In the case of the Clinton-Barak transcripts, the normal procedure would have been for the White House simply to reject Burton's request. Transcripts of private conversations between presidents and foreign heads of government are simply not made available to congressional committees -- certainly not when the conversations are only months old. It wasn't just "out of the ordinary," said one of former President Clinton's high-level advisors. "It was extraordinarily out of the ordinary." Nonetheless, Bush White House counsel Al Gonzales' office decided to be uncharacteristically generous and declassify the material the Burton committee wanted to look at (and, presumably, to leak).
This put the matter back on the former president. Clinton could have attempted to invoke executive privilege to prevent the release of the transcripts. But as the Bush White House Counsel's Office well knew, such an attempt would have been legally questionable and, more importantly, politically disastrous. Early in the pardon scandal, the former president had pledged full cooperation with all investigations and specifically ruled out any executive privilege claims, so he had little choice but to let the documents go. "The standard response would have been to deny access to these records," said one legal source close to the former president back in August. "But the current White House declassified [these] portions of the tape, thereby putting it back on the [former] president."

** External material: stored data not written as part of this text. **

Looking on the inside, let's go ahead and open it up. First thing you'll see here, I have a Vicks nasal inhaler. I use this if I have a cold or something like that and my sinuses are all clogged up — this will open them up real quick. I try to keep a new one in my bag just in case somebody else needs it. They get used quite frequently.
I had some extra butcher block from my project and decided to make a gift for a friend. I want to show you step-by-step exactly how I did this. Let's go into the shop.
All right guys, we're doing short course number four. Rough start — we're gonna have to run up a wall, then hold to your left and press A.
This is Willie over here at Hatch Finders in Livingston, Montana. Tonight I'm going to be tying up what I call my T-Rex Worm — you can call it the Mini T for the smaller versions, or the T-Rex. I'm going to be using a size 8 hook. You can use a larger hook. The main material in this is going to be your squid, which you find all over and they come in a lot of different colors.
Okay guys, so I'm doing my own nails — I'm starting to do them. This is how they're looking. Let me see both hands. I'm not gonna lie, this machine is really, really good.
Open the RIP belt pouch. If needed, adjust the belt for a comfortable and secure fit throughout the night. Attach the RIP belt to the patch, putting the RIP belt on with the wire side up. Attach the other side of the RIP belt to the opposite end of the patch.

In other words, narrowly speaking, the former president did indeed agree to the release of the documents -- but that was only because the Bush White House gave him no choice. Once the current White House Counsel's Office took the nearly unprecedented step of declassifying the transcripts, their release was pretty much a fait accompli.

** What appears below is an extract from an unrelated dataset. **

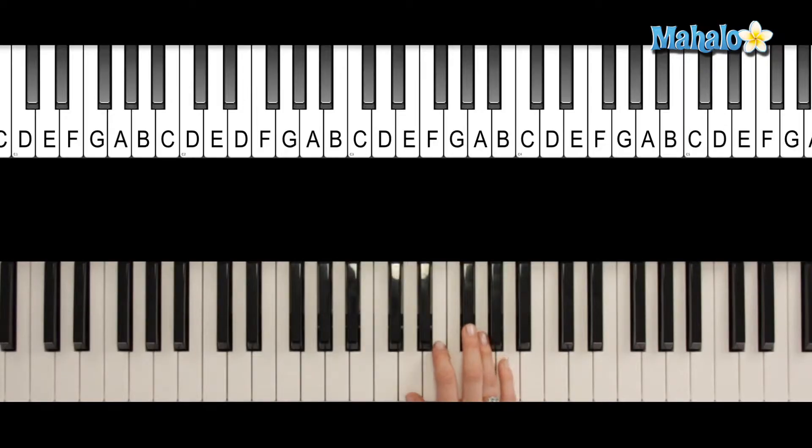So to spell a D7 in first inversion, we're going to do D7 first, and then we're just going to rearrange the order. So that means that you take this note and you're going to play it up here. So you're going to play F sharp, A, C, and then D. And you have your D7 in first inversion.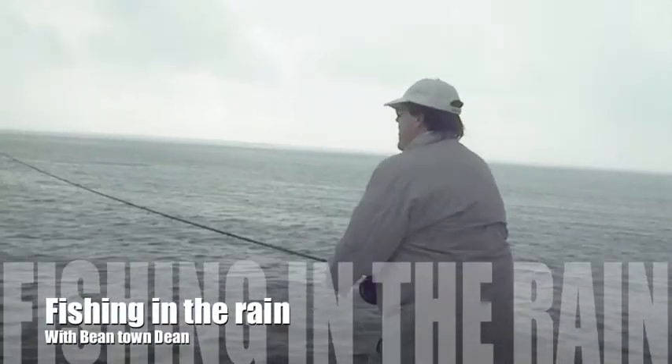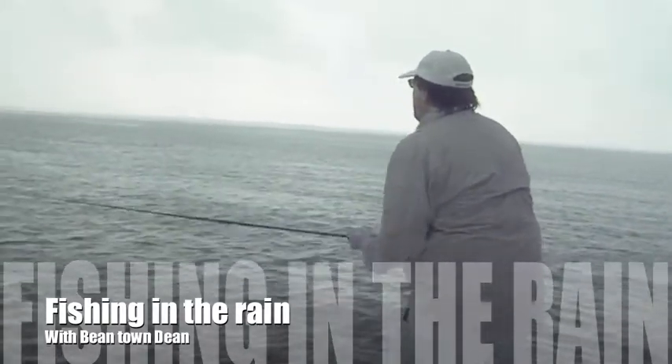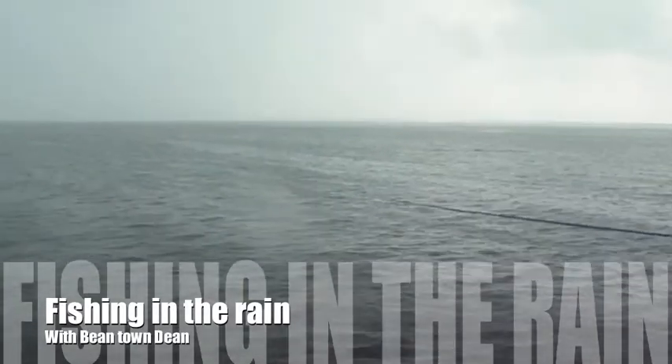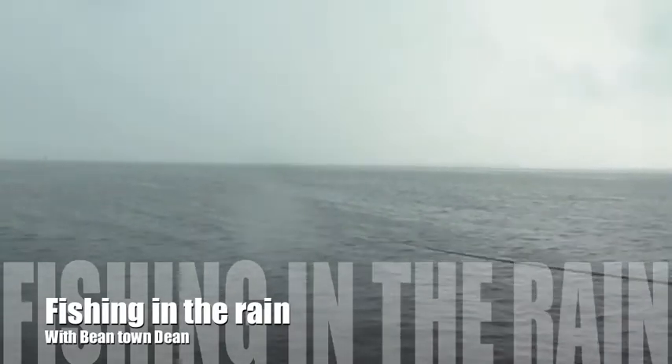We're fishing here with Dean — Dean the tarpon-slaying machine from Bean Town, that's a lot of eans in there. Just hooked a really nice tarpon, probably about 150 on the 12-weight. Took him a couple casts to get the hang of it, but he's on. Been fishing for about 30 minutes now.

In common parlance, the new occupants of the White House had put the squeeze on the old one. But that's not the end of the story.
After Newsweek published the Clinton-Barak excerpts, lawyers close to former President Clinton decided that other excerpts that had not been released would place the conversations and Clinton's actions in a more benign context. Former deputy White House counsel Bruce Lindsey, now acting on the former president's behalf, filed a request with the National Archives to secure the release of all the passages in which Clinton and Barak talked about the Marc Rich, not just those the Bush team had already sent to Congress.
Following established procedures, the National Archives sent the request along to the Bush White House. But the reply they received was a firm "no."
The reason from the White House? Those other passages were classified.